**Work to complete**
The reply should hold every line of the data below, unchanged, and none of the pictures.

**Data excerpt**
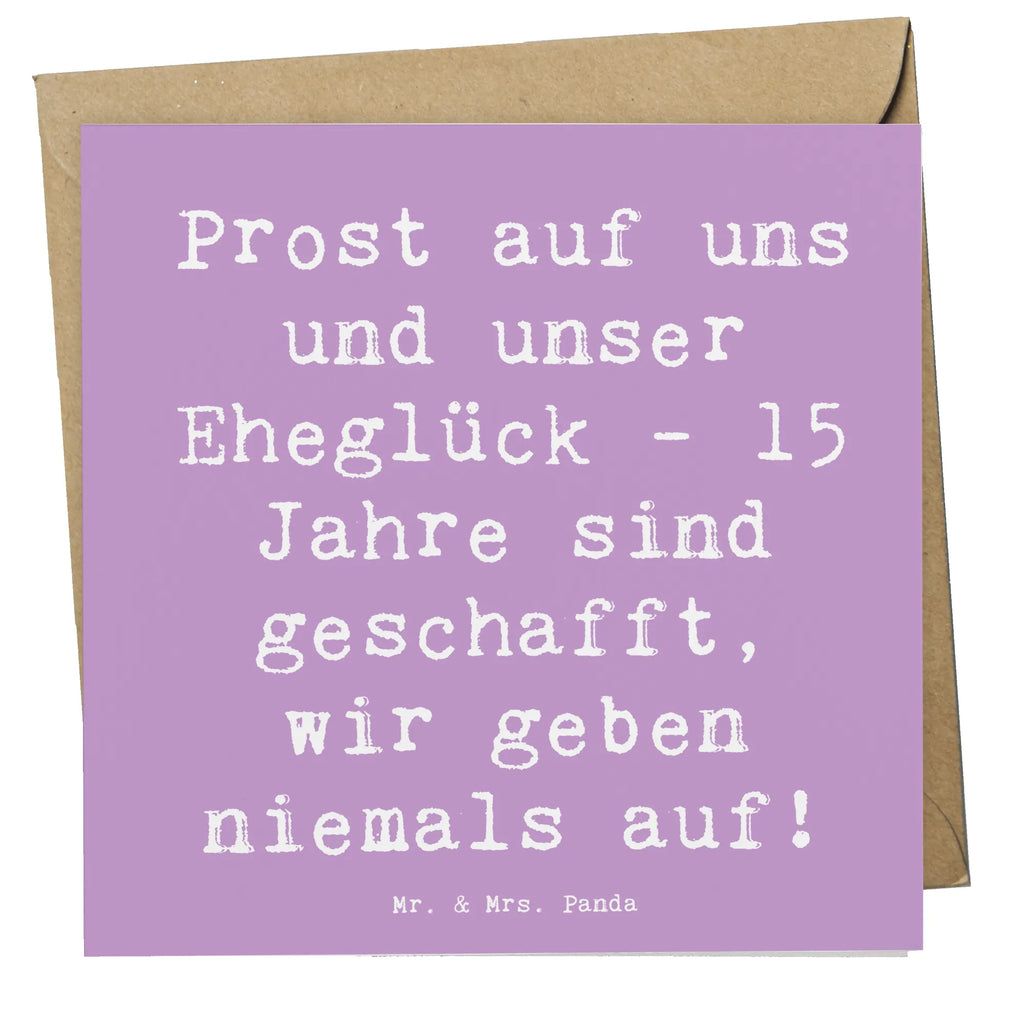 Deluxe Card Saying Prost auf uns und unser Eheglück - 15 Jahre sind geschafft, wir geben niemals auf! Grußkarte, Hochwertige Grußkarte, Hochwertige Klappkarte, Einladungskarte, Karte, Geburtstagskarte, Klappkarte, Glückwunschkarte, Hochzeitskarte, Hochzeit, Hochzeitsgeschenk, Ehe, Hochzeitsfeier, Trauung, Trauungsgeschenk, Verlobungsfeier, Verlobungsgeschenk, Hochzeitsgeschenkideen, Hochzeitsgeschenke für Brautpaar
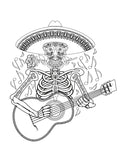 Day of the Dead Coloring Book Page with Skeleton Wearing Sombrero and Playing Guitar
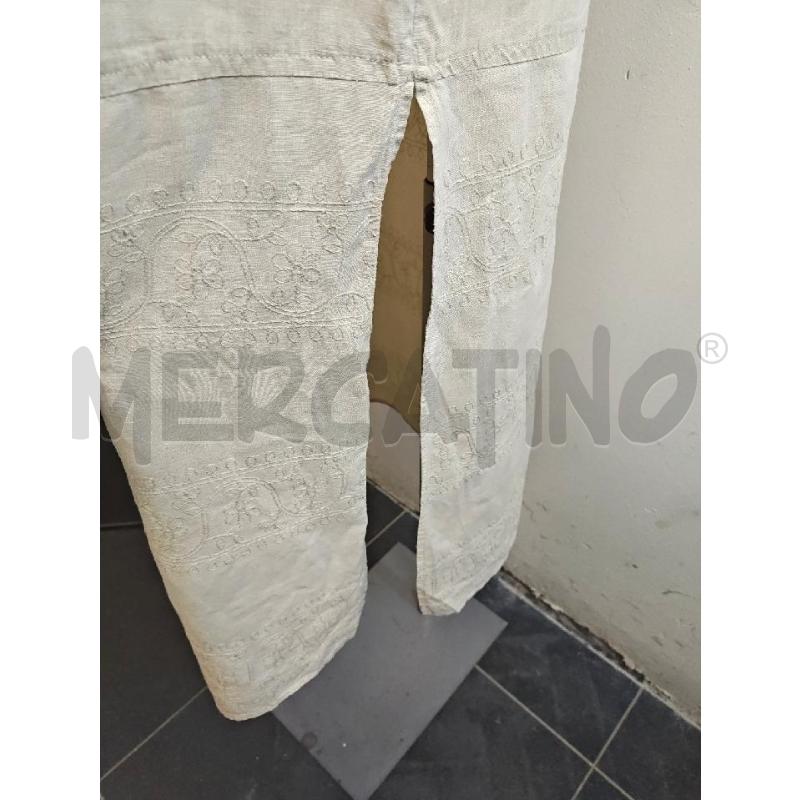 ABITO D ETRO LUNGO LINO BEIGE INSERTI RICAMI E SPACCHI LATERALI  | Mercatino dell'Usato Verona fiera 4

**Task response**
 Deluxe Card Saying Prost auf uns und unser Eheglück - 15 Jahre sind geschafft, wir geben niemals auf! Grußkarte, Hochwertige Grußkarte, Hochwertige Klappkarte, Einladungskarte, Karte, Geburtstagskarte, Klappkarte, Glückwunschkarte, Hochzeitskarte, Hochzeit, Hochzeitsgeschenk, Ehe, Hochzeitsfeier, Trauung, Trauungsgeschenk, Verlobungsfeier, Verlobungsgeschenk, Hochzeitsgeschenkideen, Hochzeitsgeschenke für Brautpaar
 Day of the Dead Coloring Book Page with Skeleton Wearing Sombrero and Playing Guitar
 ABITO D ETRO LUNGO LINO BEIGE INSERTI RICAMI E SPACCHI LATERALI  | Mercatino dell'Usato Verona fiera 4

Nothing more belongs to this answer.